■ **PROBLEM TO SOLVE**
Images are not part of the copy; transcribe all the data exactly.

___ SOURCE DATA

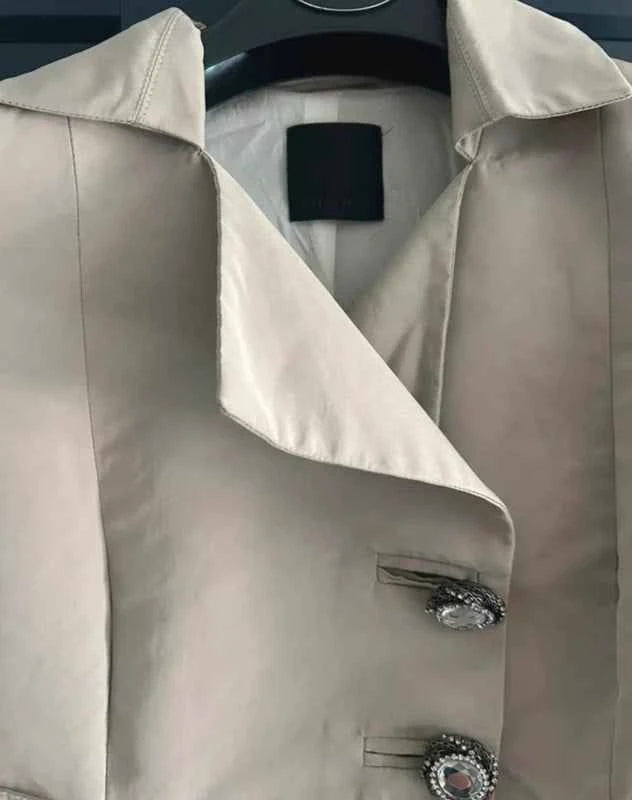 Pinko Płaszcz damski beżowy taliowany Roz. S Elegancki trencz premium
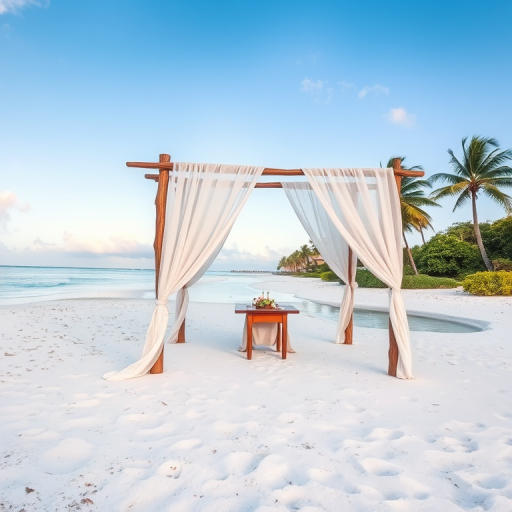 Create a picturesque tropical beach scene featuring a serene, white sandy shore. In the foreground, there's a rustic wooden canopy with white drapes gently flowing in the breeze. Underneath the canopy, a table is set with tropical decor, evoking a sense of relaxation and leisure. The beach extends into a calm, shallow water area with reflections of the sky and surroundings. Palm trees and lush greenery line the edge of the beach, providing a natural, tropical backdrop. The sky is clear with a few scattered clouds, and the overall atmosphere is tranquil and inviting, perfect for a peaceful retreat.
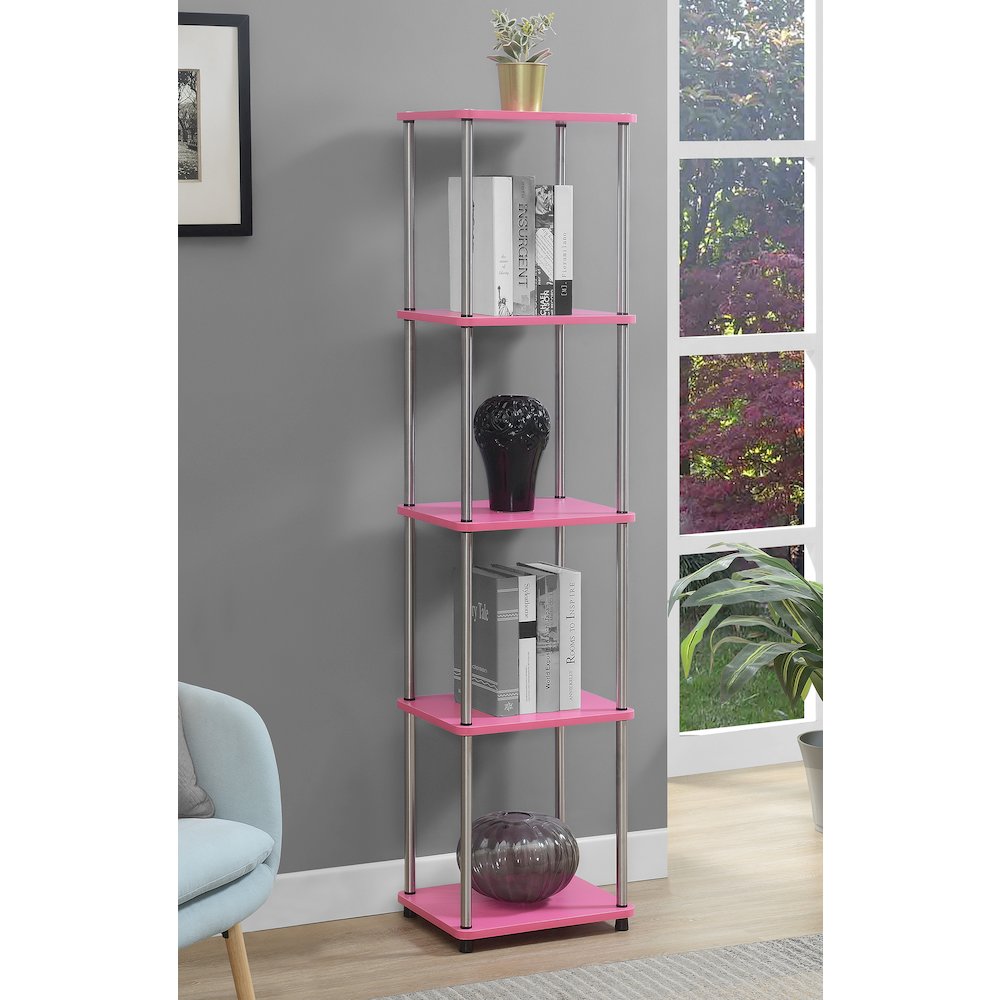 Designs2Go No Tools 5 Tier Tower, Pink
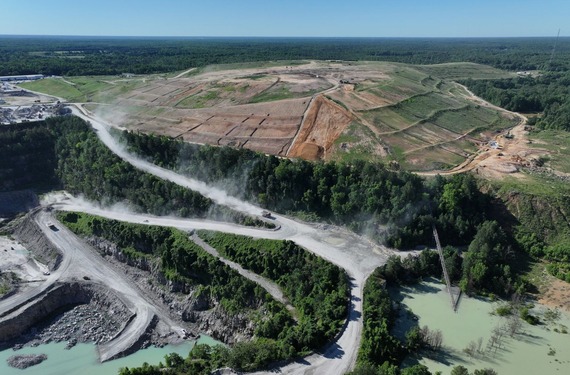 An aerial view of the Shoosmith Landfill in Chesterfield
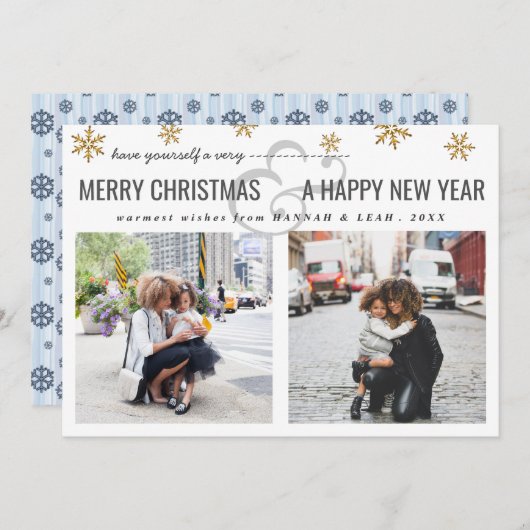 Frohe Weihnachten & Glück Neujahrsschrift Zwei Fot (Vorne/Hinten)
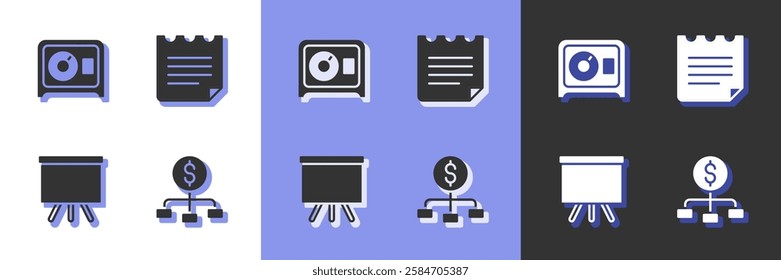 Set Hierarchy with dollar, Safe, Chalkboard and Notebook icon. Vector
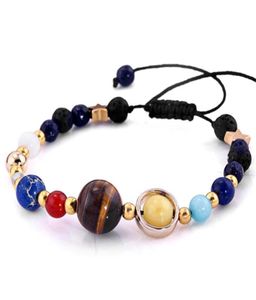 Bracelet d'univers des brins de pierre naturelle Galaxie Les huit planètes du système solaire étoiles Bracelets bracelets pour femmes 5944012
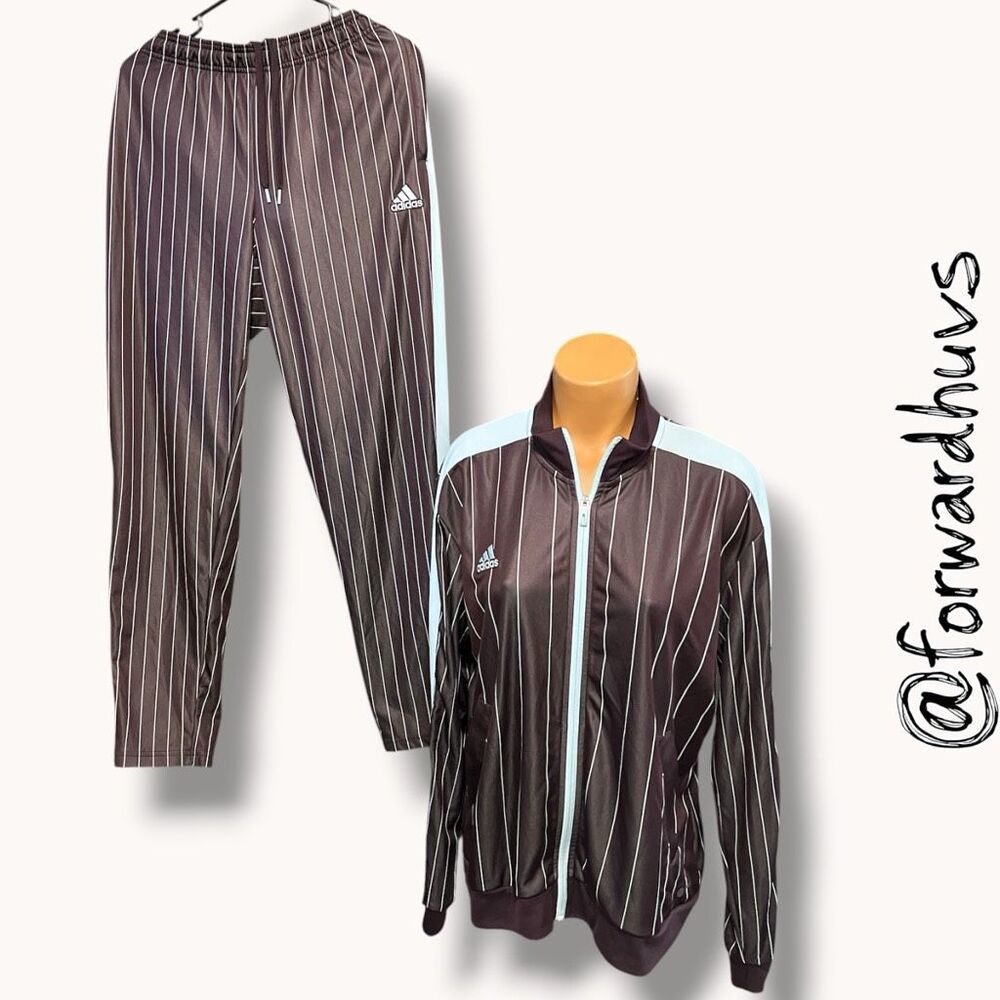 ☑️ Adidas Wine Pinstripe Track Suit Jacket Pants Set XL READ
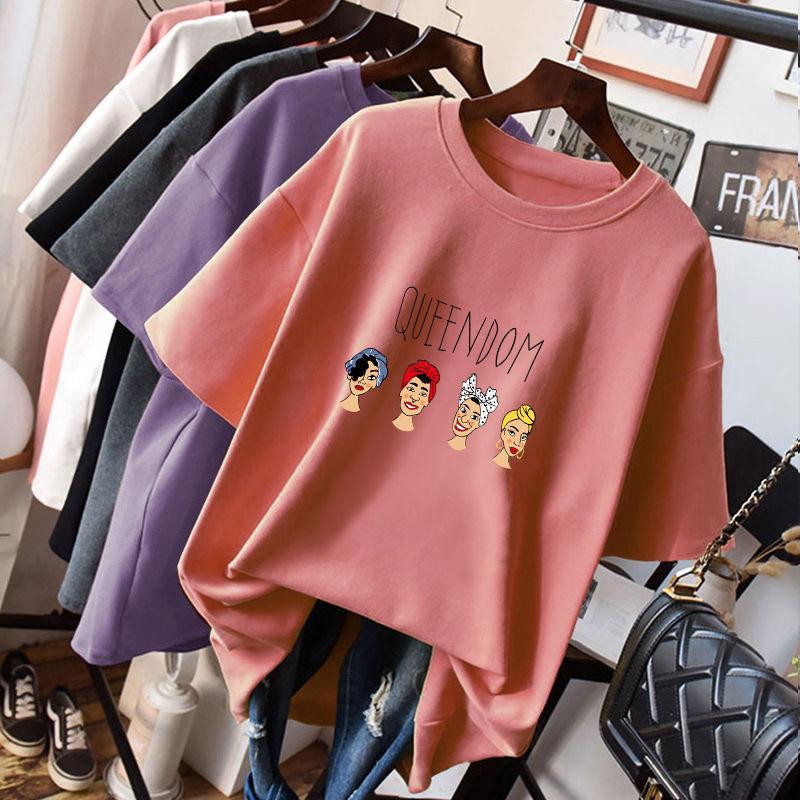 Hirsionsan Gothic Character Printed T Shirt Women Harajuku Soft Summer Cotton Tshirt Korean Loose Tees Ins Casual Female Tops Cute Cartoon Tees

______

■ **OUTPUT OF THE EXERCISE**
 Pinko Płaszcz damski beżowy taliowany Roz. S Elegancki trencz premium
 Create a picturesque tropical beach scene featuring a serene, white sandy shore. In the foreground, there's a rustic wooden canopy with white drapes gently flowing in the breeze. Underneath the canopy, a table is set with tropical decor, evoking a sense of relaxation and leisure. The beach extends into a calm, shallow water area with reflections of the sky and surroundings. Palm trees and lush greenery line the edge of the beach, providing a natural, tropical backdrop. The sky is clear with a few scattered clouds, and the overall atmosphere is tranquil and inviting, perfect for a peaceful retreat.
 Designs2Go No Tools 5 Tier Tower, Pink
 An aerial view of the Shoosmith Landfill in Chesterfield
 Frohe Weihnachten & Glück Neujahrsschrift Zwei Fot (Vorne/Hinten)
 Set Hierarchy with dollar, Safe, Chalkboard and Notebook icon. Vector
 Bracelet d'univers des brins de pierre naturelle Galaxie Les huit planètes du système solaire étoiles Bracelets bracelets pour femmes 5944012
 ☑️ Adidas Wine Pinstripe Track Suit Jacket Pants Set XL READ
 Hirsionsan Gothic Character Printed T Shirt Women Harajuku Soft Summer Cotton Tshirt Korean Loose Tees Ins Casual Female Tops Cute Cartoon Tees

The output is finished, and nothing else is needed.